▶ **WORK REQUEST**: Go through the entries one line at a time, and gather every line that has the word "Profile".

▶ **MATERIAL SUPPLIED**:
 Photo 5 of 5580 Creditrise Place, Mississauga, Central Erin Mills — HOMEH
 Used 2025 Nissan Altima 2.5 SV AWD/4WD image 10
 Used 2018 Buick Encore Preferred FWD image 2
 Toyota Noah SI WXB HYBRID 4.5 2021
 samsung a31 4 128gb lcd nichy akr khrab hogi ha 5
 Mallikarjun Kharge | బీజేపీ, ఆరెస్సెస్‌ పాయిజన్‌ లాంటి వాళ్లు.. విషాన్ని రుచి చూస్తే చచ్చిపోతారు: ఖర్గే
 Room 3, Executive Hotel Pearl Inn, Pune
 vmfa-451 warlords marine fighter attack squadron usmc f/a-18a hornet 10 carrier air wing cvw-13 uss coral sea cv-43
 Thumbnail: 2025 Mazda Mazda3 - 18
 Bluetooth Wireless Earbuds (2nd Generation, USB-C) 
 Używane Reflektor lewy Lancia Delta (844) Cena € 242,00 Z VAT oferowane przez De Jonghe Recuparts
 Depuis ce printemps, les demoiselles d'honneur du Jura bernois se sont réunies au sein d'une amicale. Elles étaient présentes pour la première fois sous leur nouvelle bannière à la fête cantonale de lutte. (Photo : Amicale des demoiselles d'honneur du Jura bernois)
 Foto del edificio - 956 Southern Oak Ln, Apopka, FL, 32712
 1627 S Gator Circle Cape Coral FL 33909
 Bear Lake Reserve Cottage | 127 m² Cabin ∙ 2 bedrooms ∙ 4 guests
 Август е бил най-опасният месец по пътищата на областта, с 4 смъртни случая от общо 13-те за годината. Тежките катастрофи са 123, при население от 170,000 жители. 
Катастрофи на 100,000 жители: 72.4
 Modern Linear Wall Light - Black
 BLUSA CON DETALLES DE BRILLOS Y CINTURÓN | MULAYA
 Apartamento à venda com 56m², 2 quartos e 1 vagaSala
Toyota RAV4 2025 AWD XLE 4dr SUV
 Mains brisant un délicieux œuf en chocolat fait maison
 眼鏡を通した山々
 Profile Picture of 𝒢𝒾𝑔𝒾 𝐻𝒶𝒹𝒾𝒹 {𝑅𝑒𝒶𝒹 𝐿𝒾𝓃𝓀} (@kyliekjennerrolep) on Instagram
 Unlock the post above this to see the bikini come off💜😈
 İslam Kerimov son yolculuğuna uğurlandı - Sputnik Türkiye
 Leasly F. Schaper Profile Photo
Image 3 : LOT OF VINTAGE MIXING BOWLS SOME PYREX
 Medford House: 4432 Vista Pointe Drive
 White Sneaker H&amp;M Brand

▶ **ANSWER BOX**:
 Profile Picture of 𝒢𝒾𝑔𝒾 𝐻𝒶𝒹𝒾𝒹 {𝑅𝑒𝒶𝒹 𝐿𝒾𝓃𝓀} (@kyliekjennerrolep) on Instagram
 Leasly F. Schaper Profile Photo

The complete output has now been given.